§ TASK: Every line of the listing below is to be repeated exactly; the pictures stay out.

§ DATA EXTRACT:
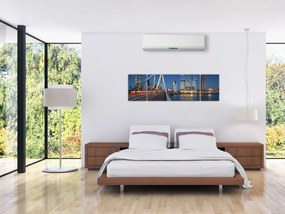 Obraz - Zmierzch w Rotterdamie, Holandia (170x50 cm)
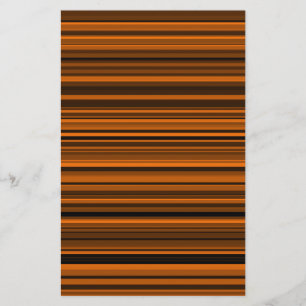 Orange Brown Black Stripes Stationery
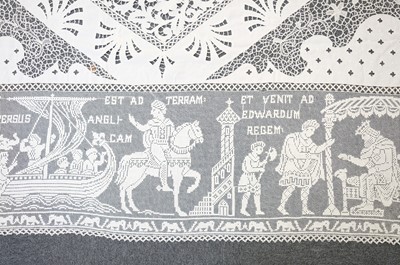 Lot 332 - Lace Veil. A needlelace wedding veil, late 19th/early 20th century, & other lace items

§ RESULT OF THE EXERCISE:
 Obraz - Zmierzch w Rotterdamie, Holandia (170x50 cm)
 Orange Brown Black Stripes Stationery
 Lot 332 - Lace Veil. A needlelace wedding veil, late 19th/early 20th century, & other lace items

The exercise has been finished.